The course is concerned with algorithms, models, and systems that can be used to "understand" and generate natural language text. Natural language processing methods are used, for example, in sentiment analysis and opinion mining, information extraction from documents, search engines and question answering systems. They are particularly important in corporate information systems, where knowledge is often expressed in natural language (e.g., minutes, reports, regulations, contracts, product descriptions, manuals, patents). Companies also interact with their customers mostly in natural language (e.g., via e-mail, call centers, web pages describing products, blogs and social media).
N-gram language models. Estimating probabilities from corpora. Entropy, cross-entropy, perplexity. Edit distance. Spelling correction and text normalization. Bag of word text representations. Feature selection and extraction with information gain and SVD. Text classification with k nearest neighbours and Naive Bayes. Word embeddings with PMI scores. Word and text clustering with k-means. Linear and logistic regression, stochastic gradient descent. Lexicon-based features, constructing and using sentiment lexica. Perceptrons, Multi-Layer Perceptrons, backpropagation, for text classification, text regression, and sequence labelling with sliding windows. Pre-training word embeddings, Word2Vec, FastText. Recurrent neural networks (RNNs), GRU and LSTM cells, RNNs with self-attention, bidirectional, stacked, hierarchical RNNs, and applications in language modelling, text classification, and sequence labelling. Sequence-to-sequence RNN models with attention, machine translation. Universal sentence encoders. Pretraining language models, context-aware embeddings, ELMo. Convolutional neural networks (CNNs) and applications in NLP. Query-key-value attention, multi-head attention, Transformers, BERT. Grammars, parse trees, transition-based and graph-based dependency parsing with deep learning. Relation extraction with deep learning. Joint parsing and relation extraction. Question answering for document collections.
There is no required textbook. Extensive notes in the form of slides are provided.
The course is mainly based on the books:
- Speech and Language Processing, by D. Jurafsky and J.H. Martin, 2nd edition, Pearson, 2009. The 3rd edition (in preparation) is freely available (http://web.stanford.edu/~jurafsky/slp3/).
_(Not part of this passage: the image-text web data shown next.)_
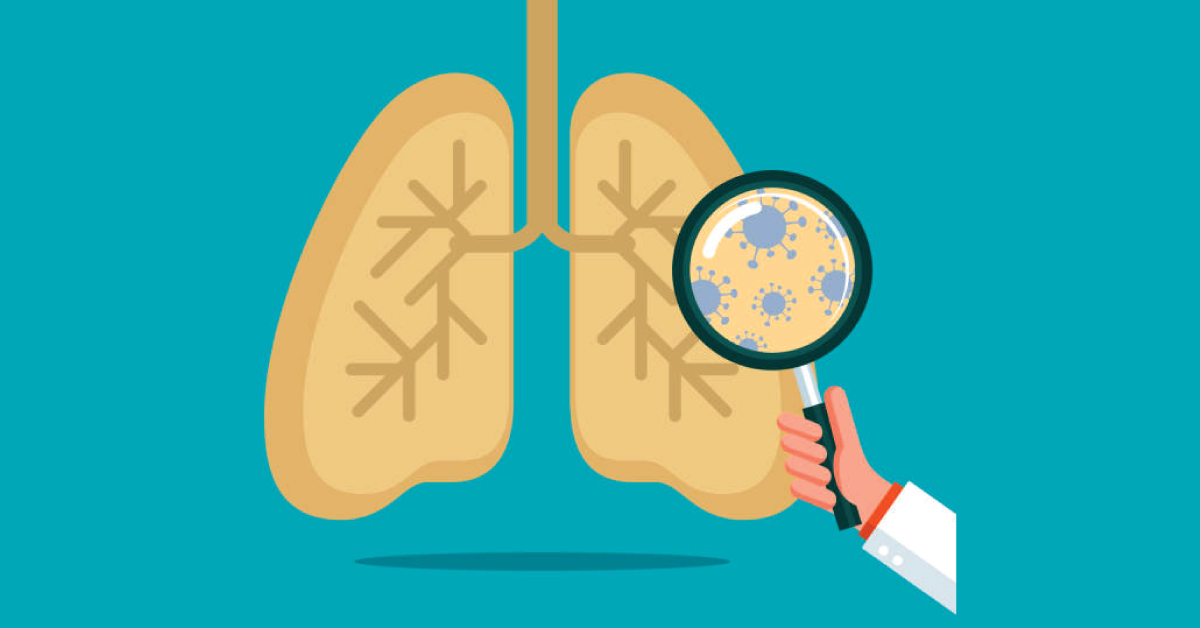 Tuberculosis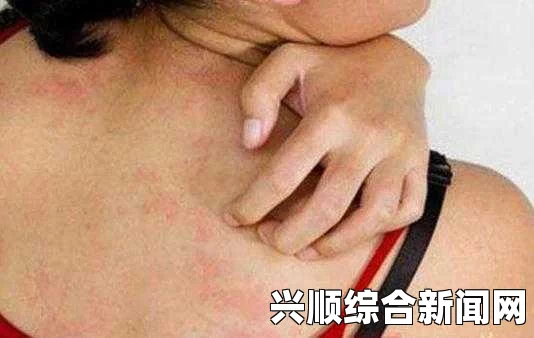 判断女性艾滋病最简单方法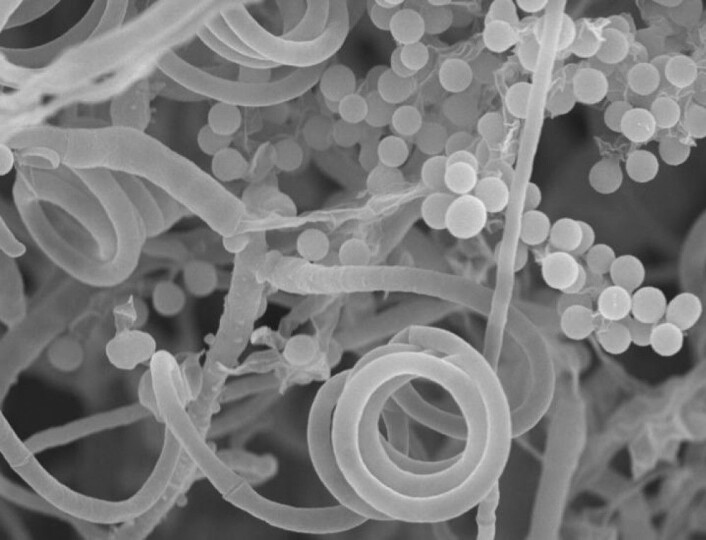 Slik ser fotsoppen Trichophyton ut i et elektronmikroskop. (Foto: Wenjun Li and Joseph Heitman - Duke University, and Valerie Lapham - North Carolina State University) Slik ser fotsoppen Trichophyton ut i et elektronmikroskop. (Foto: Wenjun Li and Joseph Heitman - Duke University, and Valerie Lapham - North Carolina State University)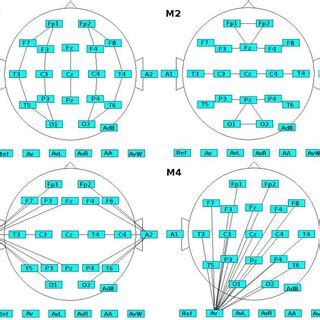 Maps Of EEG Power Spectra For Bandranges For Montage Monopolar And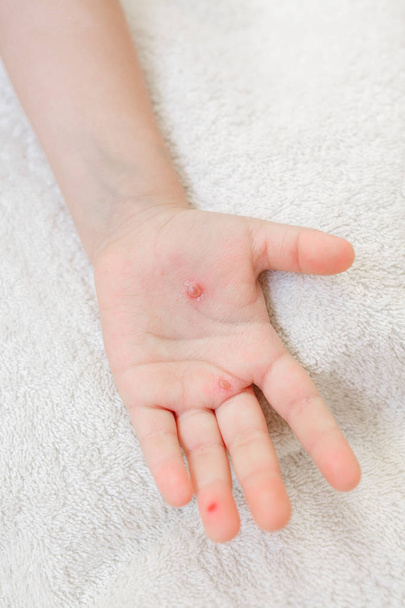 La main d'un enfant atteint de varicelle. Plaquettes thermoformées sur la main à partir de la varicelle
 - Photo, image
- Neural Network Methods for Natural Language Processing, by Y. Goldberg, Morgan & Claypool, 2017.
Both books can be found at AUEB’s library.
Basic knowledge of calculus, linear algebra, probability theory. For the programming assignments, programming experience in Python is required. The students will be allowed to implement the programming assignments of the course in any language, but Python is strongly recommended. An introduction to natural language processing and machine learning libraries (e.g., NLTK, scikit-learn, Keras, PyTorch) will be provided, and students will have the opportunity to use these libraries in the course’s assignments. For assignments that require training neural networks, cloud virtual machines with GPUs (e.g., in Google’s Colab) can be used.
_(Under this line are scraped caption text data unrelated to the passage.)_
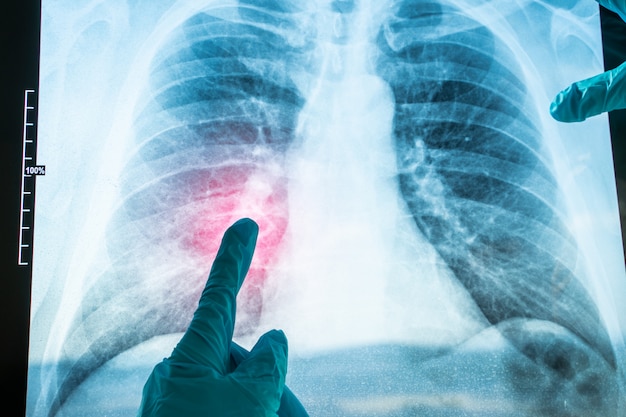 X-Ray image of human chest for a medical diagnostic. Coronavirus-COVID-19. Epidemic virus 2019-nCoV Respiratory Syndrome.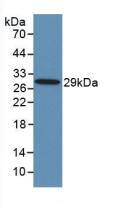 Western Blot: TLR8 Antibody (D2) [NBP3-41476] - Sample: Recombinant TLR8, Human.
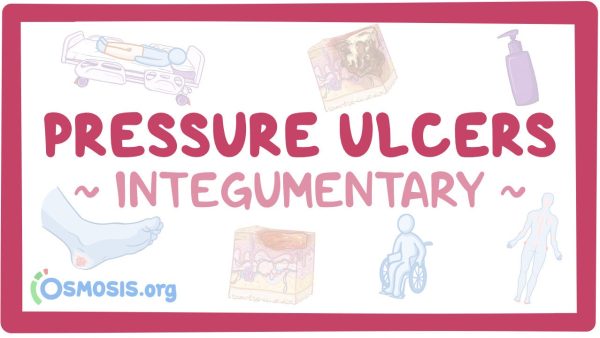 Integumentary System: Pressure Ulcers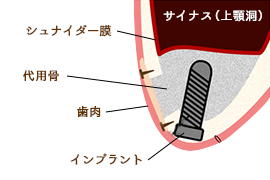 サイナスリフト 画像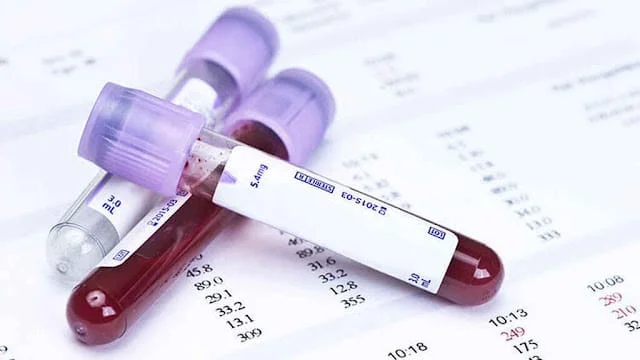 Tubos de análisis de sangre en laboratorio para revisar vitamina D, insulina, ferritina y proteína C reactiva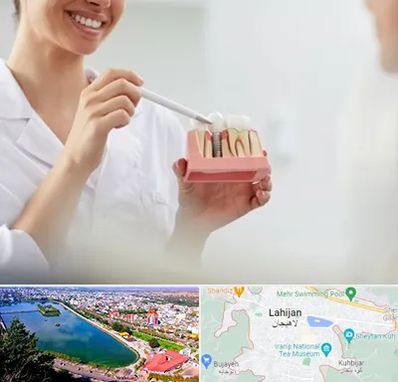 دکتر دندانساز در لاهیجان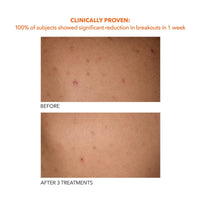 Thumbnail for Dr. Dennis Gross Alpha Beta Exfoliating Body Treatment | Multi-Tasking Powered by AHA/BHAs for Smooth, Hydrated Skin While Improving Ingrown Hairs, Keratosis Pilaris, and Blemishes | 2 Textured Towels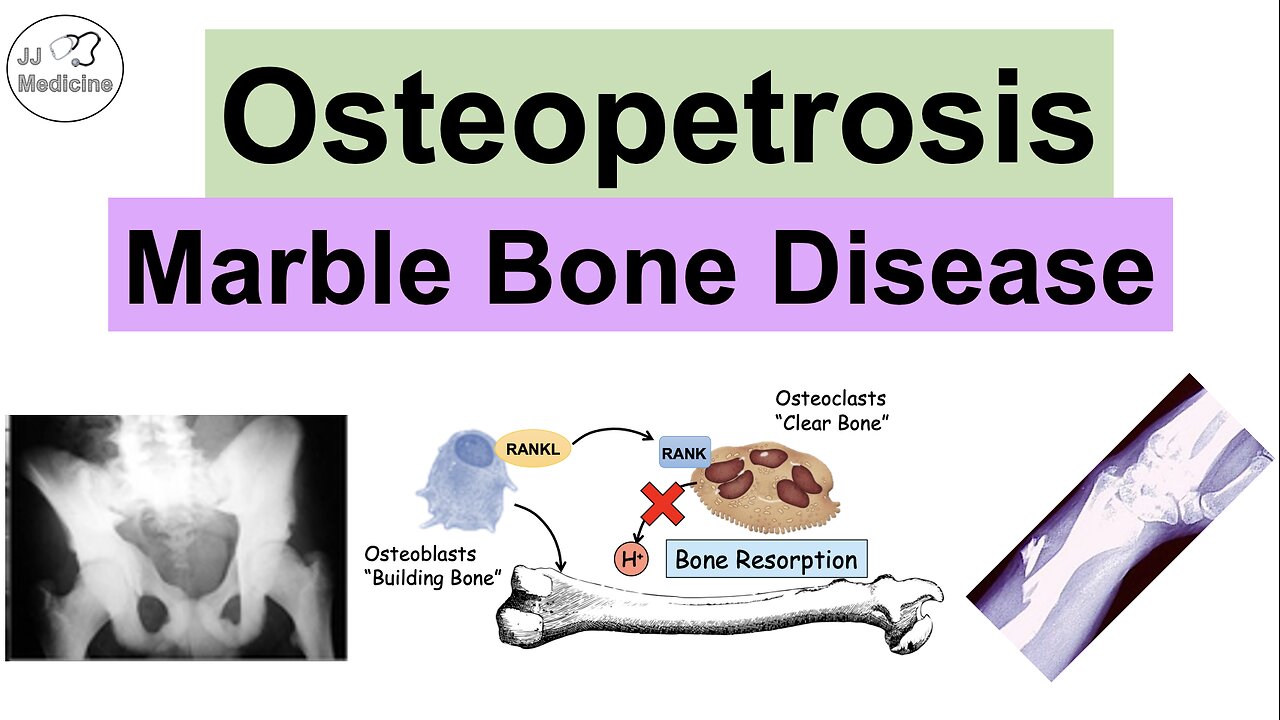 Osteopetrosis (Marble Bone Disease) | Causes, Symptoms, Diagnosis, Treatment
In each part of the course, study exercises are provided (solved and unsolved, some requiring programming), of which one or two per part are handed in (as assignments). Students are graded for their assignments (50%) and their performance at the final exam (50%).
Instructor: Ion Androutsopoulos (http://www.aueb.gr/users/ion/contact.html)
Labs and assignments assistant: Vasiliki Kougia (vasilikvasilikikou at gmail com).